→ **Exercise requirements**: Below are records with pictures. Reproduce exactly the lines from the line with "术后腰椎侧位片:l5椎弓根螺钉稍短,位置好.融合器位置佳." to the line with "Figure 1 From", inclusive, and leave each picture out.

→ **Records to process**:

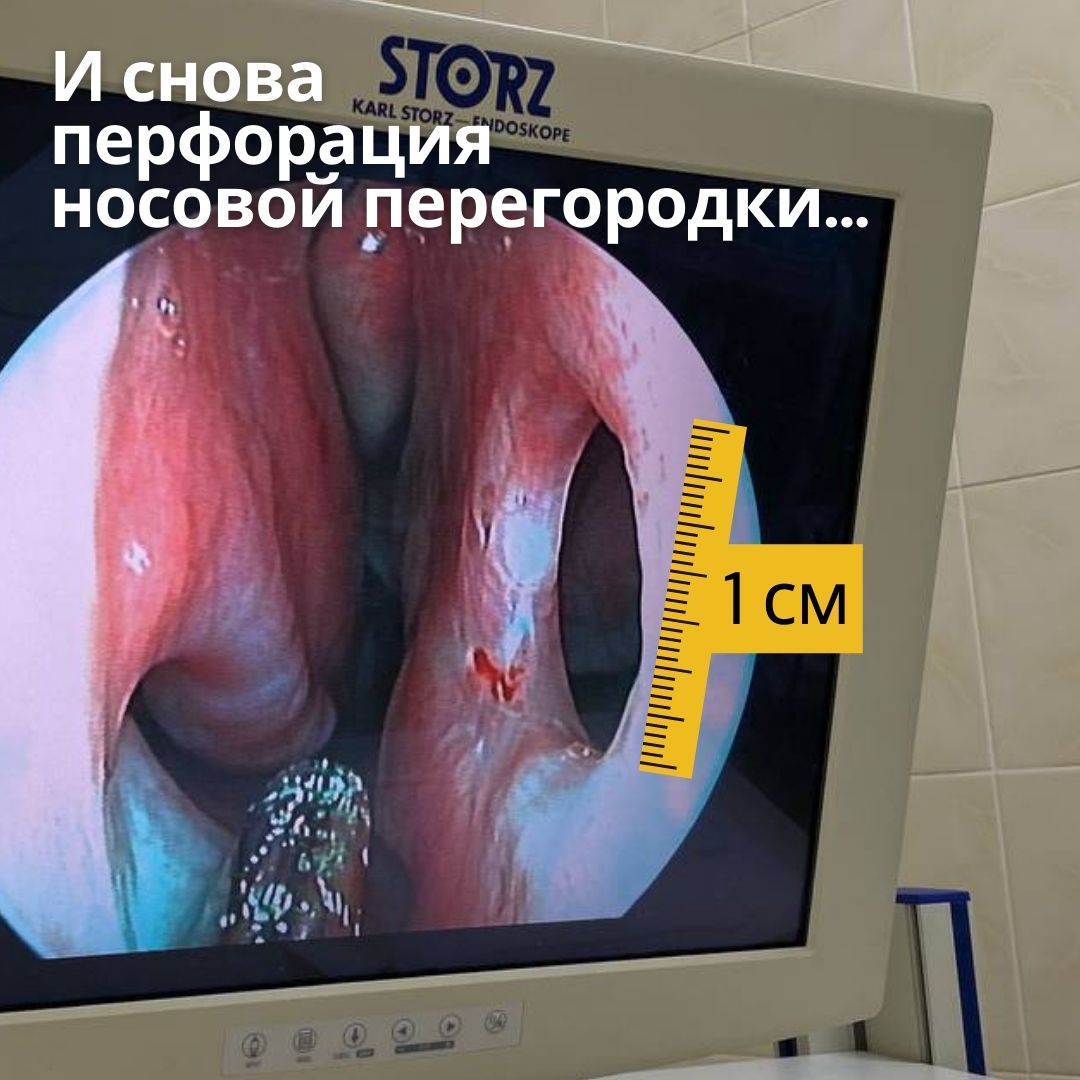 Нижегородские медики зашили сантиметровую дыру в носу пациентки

--

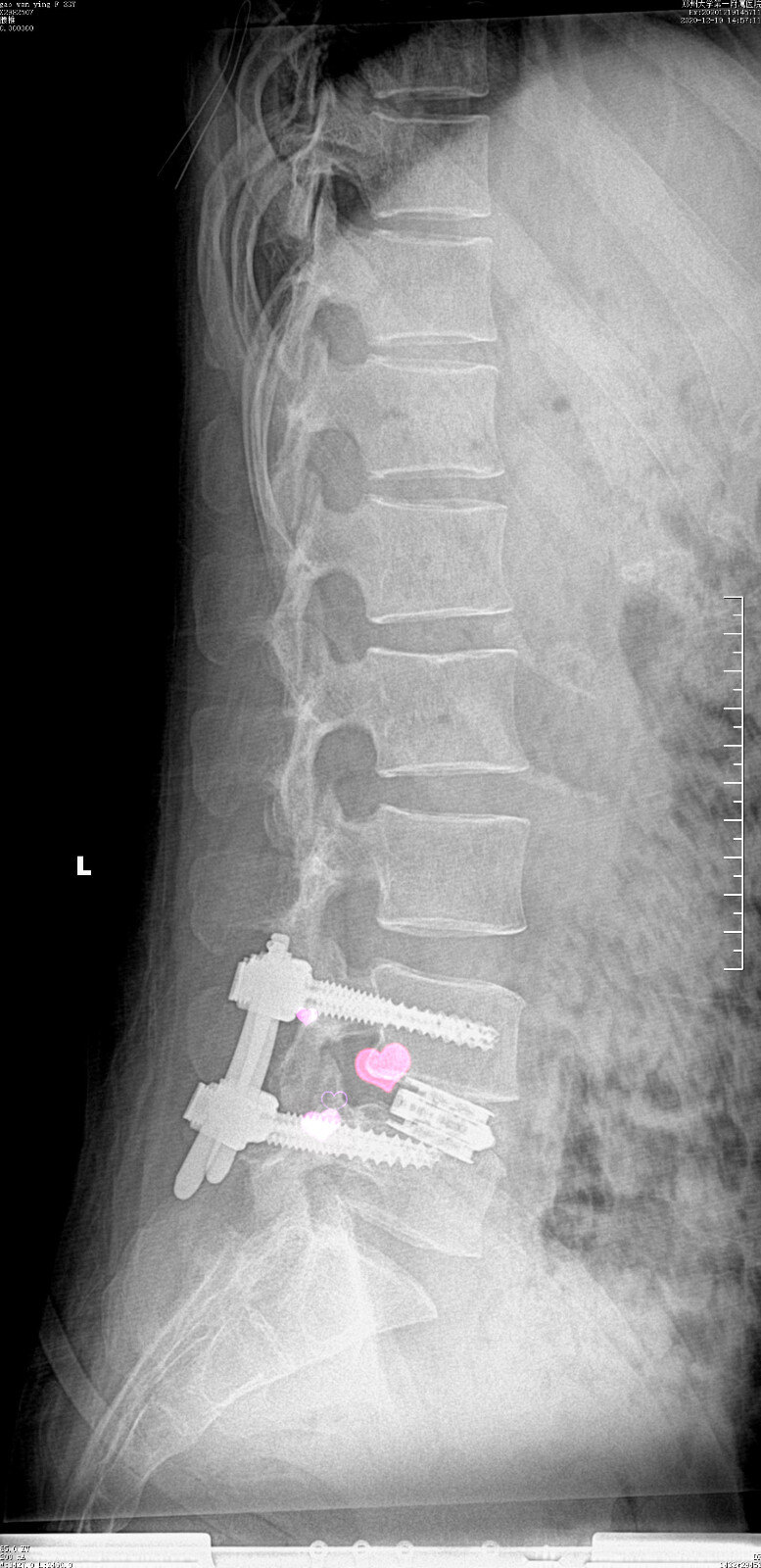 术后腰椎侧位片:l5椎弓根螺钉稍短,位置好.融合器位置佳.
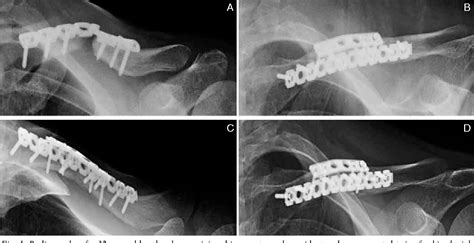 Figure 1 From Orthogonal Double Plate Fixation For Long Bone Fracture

→ **Solution below**:
 术后腰椎侧位片:l5椎弓根螺钉稍短,位置好.融合器位置佳.
 Figure 1 From Orthogonal Double Plate Fixation For Long Bone Fracture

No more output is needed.